The DATA step follows conventions very similar to awk, though what SAS offers by way of data conversion (especially from mainframe formats) is hard to provide. The fundamental concept of iterating over the input stream is useful to keep in mind.

I've also found that awk is useful for writing SAS programs themselves. I bumped into this dealing with large data dictionaries and trying to make sense of them. Parsing those and generating the corresponding SAS statements, then seeing if the results made sense was far easier than coding by hand. (The dictionary, of course, failed to correspond entirely to the actual datasets, requiring mods, but the dev/test/modify cycle was far faster, and far more repeatable.)

For data storage, an RDBMS backend or SQLite is probably good, though you can also use various structured files (CSV, other delimited, column-formatted, etc.) Columnar + compression buys you much of the advantages of a SAS data set in terms of size.

For the various statistical and graphics capabilities, R, gnuplot, the JS plotting library, and some related bits. I'd really like to see what tools for generating dyamic SVG there are these days, as that's a graphics format that seems exquisitely suited to data-driven rendering.

For advanced quantitative programming: Python or related languages and libraries.

For report generation: these days I'd probably head to a lightweight markup language and Pandoc to create whatever format(s) I wanted. Or you could wire up dynamic Web output with the application engine of your choice.

For application design or creating commandline / back-end tools: whatever tools you prefer, ranging from scripting languages to compiled langauges. It's been a long time since I've worked with SAS, but its Macro and app development language (which I can't even remember the name of now) are both quite crufty.

The key advantage to SAS as I noted in an earlier comment is that many of the tool choices are made for you, in that that's what SAS offers you. You can go outside that set, though back in the day, few shops really seemed to be much interested in that. The problem is that the tool choices are limited, and any additional tools have significant costs.
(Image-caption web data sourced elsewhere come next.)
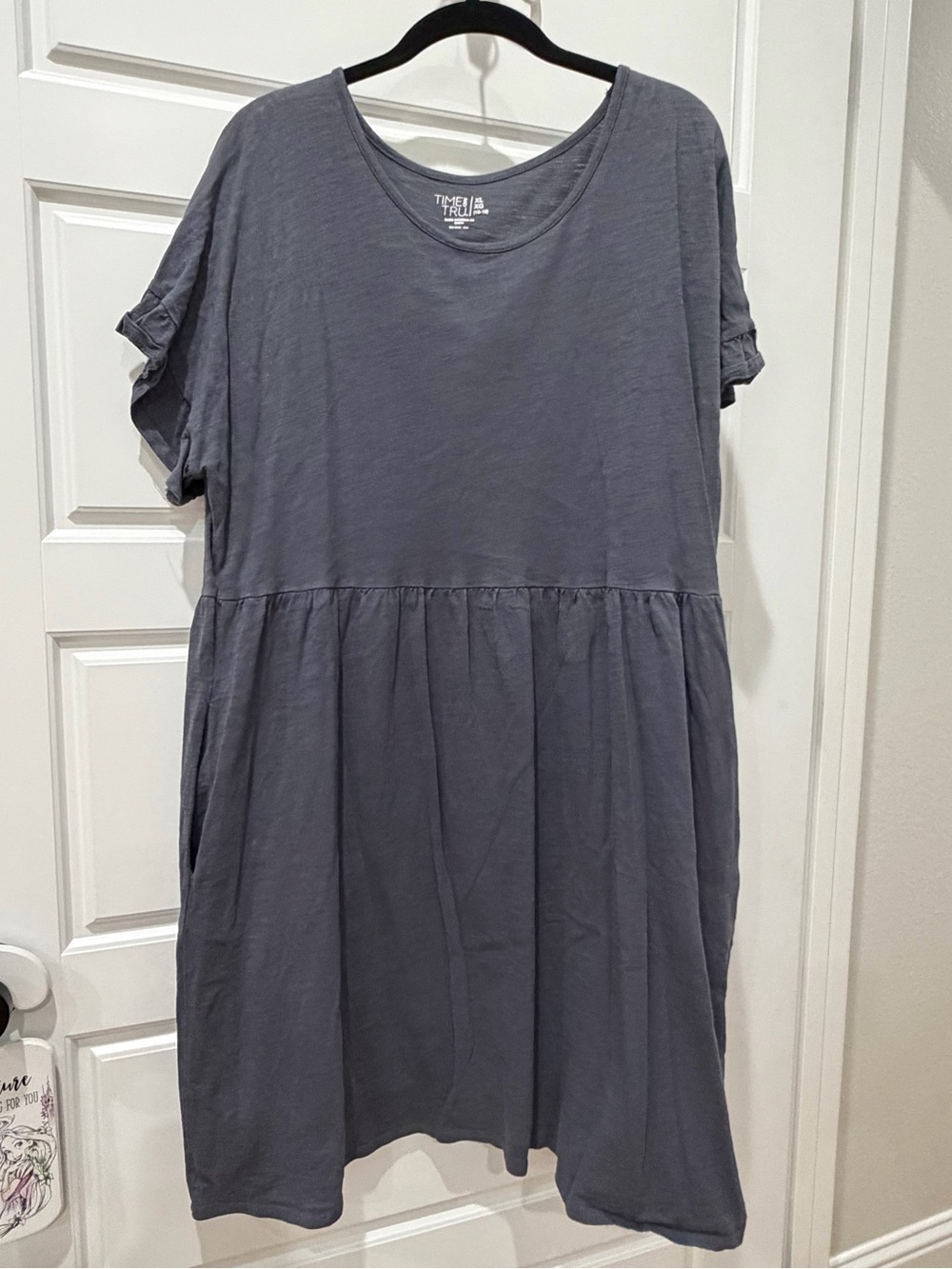 Time and Tru Charcoal Knit Tee Dress with Gathered Waist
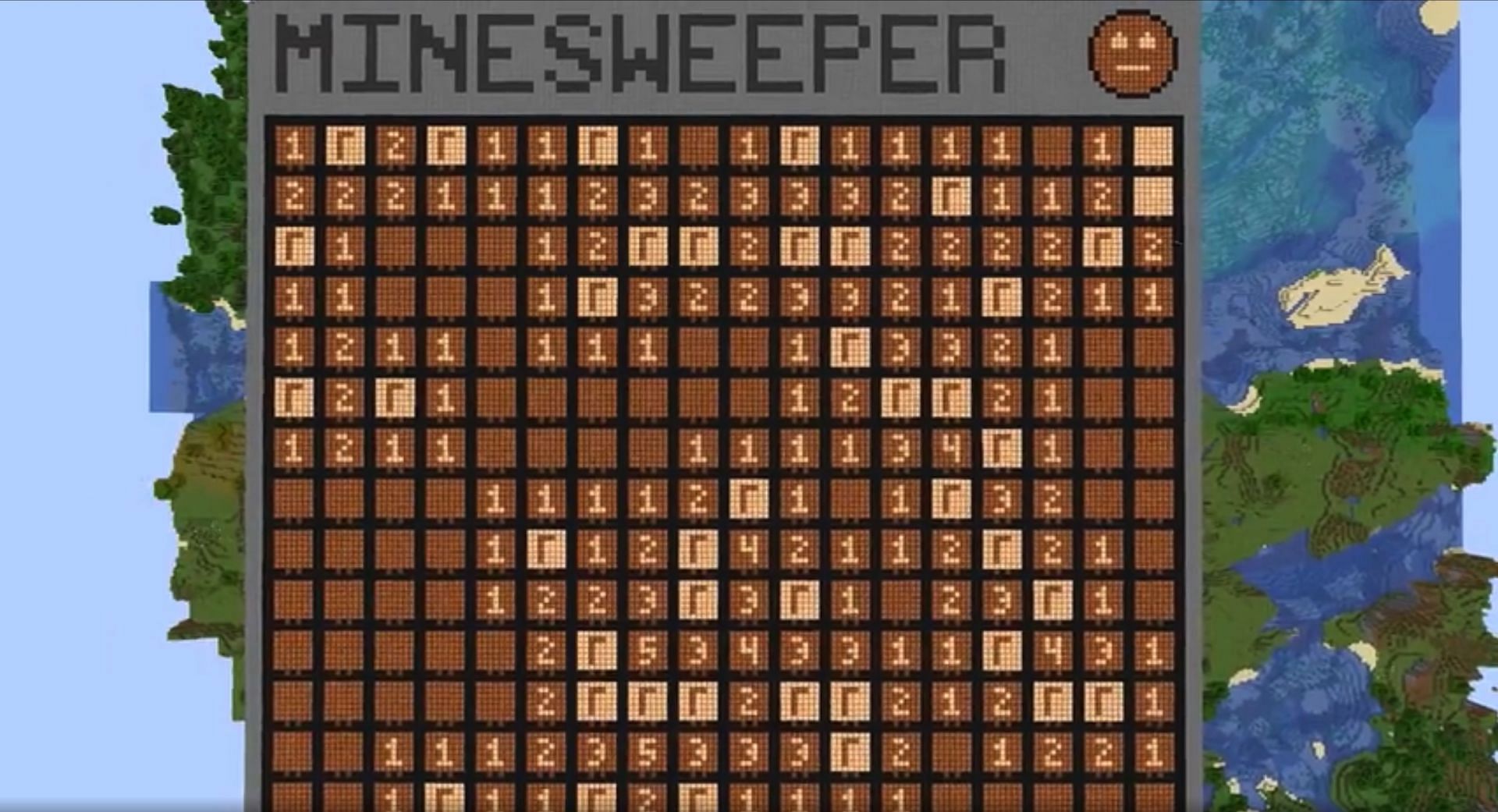 Minesweeper in Minecraft (image via u/mattbatwings on Reddit)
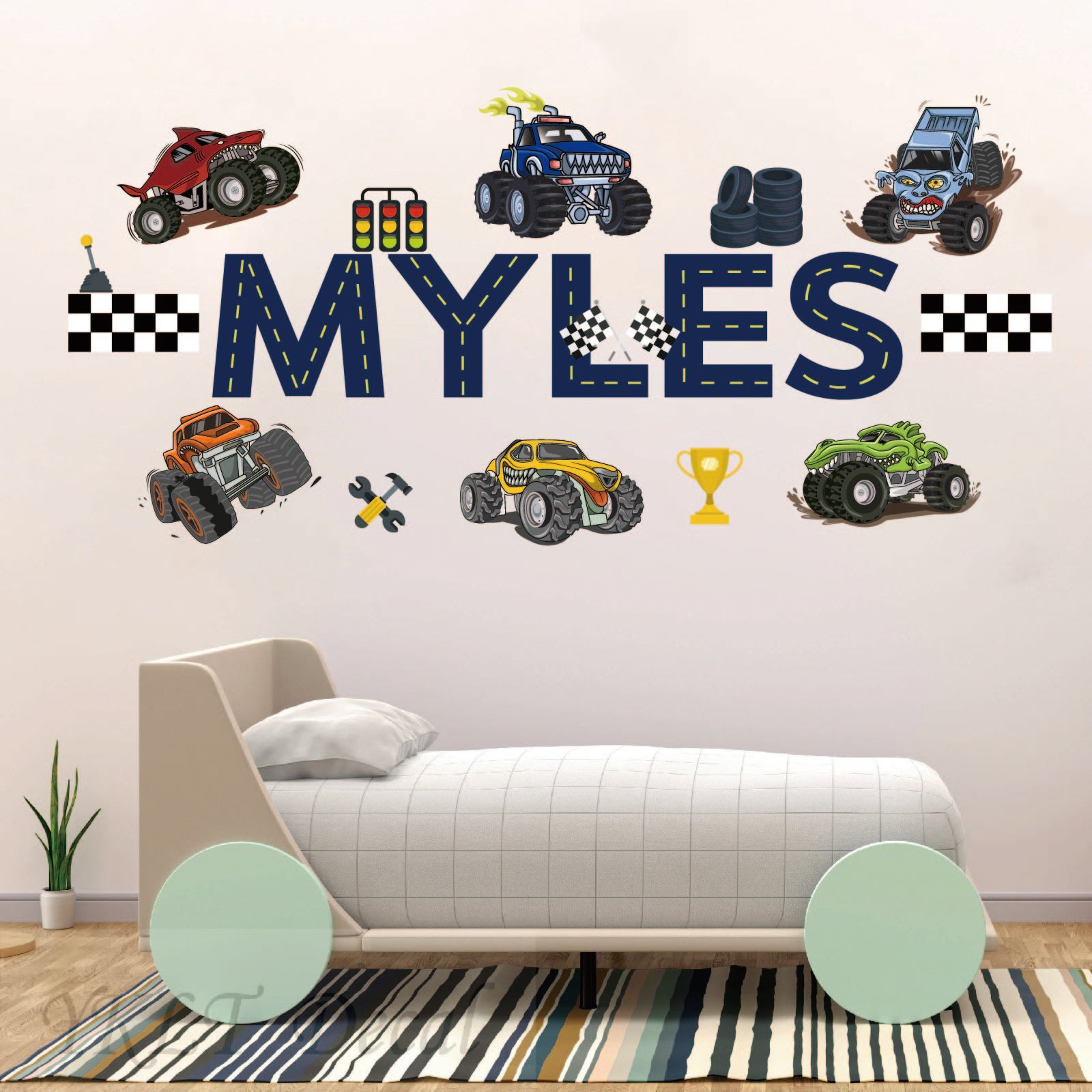 Peel and stick monster truck wall decals removable nursery bedroom decoration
Going with free/open options liberates you, but also means you've got to litigate the tool-choice battle. That seems to be a problem mostly at shops that continue to use SAS in part -- I don't know if it's sunk-cost fallacy or other dynamics, but there's quite often resistance at both management and developer/analyst levels to going to other tools (or had been in my experience). I found that and other dyanmics sufficiently frustrating that I largely stopped using the tool decades ago, with occasional (and regrettable) relapses.